The PC-12: the perfect solution
Tim Webster and Raymond Steyn of the Authorised Pilatus Centre South Africa are both members of The Bateleurs, and volunteer both aircraft and piloting skills to the organisation. The centre agreed to do the transfer using a PC-12. The PC-12 was perfect for this job, which required all the characteristics that set this aircraft apart: a spacious cabin for the eight dogs, high speed for the relatively long distance, the ability to fly in bad weather if need be and the option to land on unpaved runways. All in all, the PC-12 proved an indispensable “removal van”.
The move involved relocating five females from Tembe Elephant Park and three males from the UmPhafa Private Nature Reserve to the Northern Tuli Game Reserve. The project required meticulous preparation and good collaboration between the numerous organisations involved: the Endangered Wildlife Trust (EWT), in care of overall planning, plus several wildlife protection organisations such as Ezemvelo KZN Wildlife, the WildlifeACT Fund, Colchester Zoo, Botswana Department of Wildlife and Veterinary services and the Northern Tuli Game Reserve.
Good planning is essential
The sun had not yet risen when the two pilots, Tim and Raymond, arrived at Lanseria International Airport in Johannesburg, South Africa, to prepare the PC-12 (ZS-NYM) for the flight. Inside the cabin, all the seats except two, for the vet and his assistant, were removed. Plastic sheeting was also rolled out over the floor to prevent any animal fluids from contaminating the aircraft.
The two pilots were about to start on a very long day! The plan was to fly to Ladysmith to collect the three males and the vet before heading to Mkhuze to collect the five females. Then there would be a stop at Polokwane International Airport to clear immigration and customs before the PC-12 could fly its precious cargo on to Limpopo Valley Airport in Botswana, where the wild dogs would be released into their new home.
Bad weather and sleeping dogs
The team had to wait for a long time at Lanseria due to bad weather. A gap in the front finally allowed them to depart for Ladysmith to board the three males and their vet. Further bad weather forced the PC-12 to divert to Richard’s Bay Airport, 93 miles (150 kilometres) from Mkhuze, to pick up the five female wild dogs. Some time later, the PC-12 finally took off from Richard’s Bay with all eight wild dogs on board.

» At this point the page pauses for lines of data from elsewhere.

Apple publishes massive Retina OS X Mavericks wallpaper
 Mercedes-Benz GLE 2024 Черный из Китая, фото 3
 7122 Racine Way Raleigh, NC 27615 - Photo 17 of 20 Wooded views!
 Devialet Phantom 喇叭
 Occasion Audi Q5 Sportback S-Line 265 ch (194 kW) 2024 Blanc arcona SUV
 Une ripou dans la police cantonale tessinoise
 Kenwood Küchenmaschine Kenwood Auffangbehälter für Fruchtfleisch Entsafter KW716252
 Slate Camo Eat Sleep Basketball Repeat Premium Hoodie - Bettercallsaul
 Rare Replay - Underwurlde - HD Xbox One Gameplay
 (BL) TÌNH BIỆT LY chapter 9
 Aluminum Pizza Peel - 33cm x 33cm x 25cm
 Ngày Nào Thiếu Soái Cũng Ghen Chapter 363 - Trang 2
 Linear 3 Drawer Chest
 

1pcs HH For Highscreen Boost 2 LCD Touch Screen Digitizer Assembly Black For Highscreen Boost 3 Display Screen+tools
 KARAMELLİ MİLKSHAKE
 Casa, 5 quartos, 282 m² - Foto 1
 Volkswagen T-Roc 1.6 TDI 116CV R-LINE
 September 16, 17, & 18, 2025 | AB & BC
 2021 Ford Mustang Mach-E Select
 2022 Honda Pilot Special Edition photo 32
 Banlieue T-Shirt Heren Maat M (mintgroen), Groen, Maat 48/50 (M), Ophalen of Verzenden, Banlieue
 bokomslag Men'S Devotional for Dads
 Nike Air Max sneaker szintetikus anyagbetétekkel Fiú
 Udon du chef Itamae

The next stop was Polokwane to clear customs and immigration. The airport officials were extremely helpful. Even for them, clearing wild dogs through customs and immigration was by no means an everyday experience. We suspect the nature of the “cargo” probably helped to ensure that the stopover was completed in only 20 minutes! The customs officers were fascinated by the sleeping dogs, but also rather worried they might wake up before the PC-12 was off the tarmac again.
After the short stopover in Polokwane, the PC-12 continued on to Northern Tuli Game Reserve. Luckily, there were no veterinary emergencies during the flight and all eight dogs arrived at their new home in Botswana in good health, if still slightly groggy from the anaesthetic. The project has been a great success, and the dogs have settled down very well in their new habitat.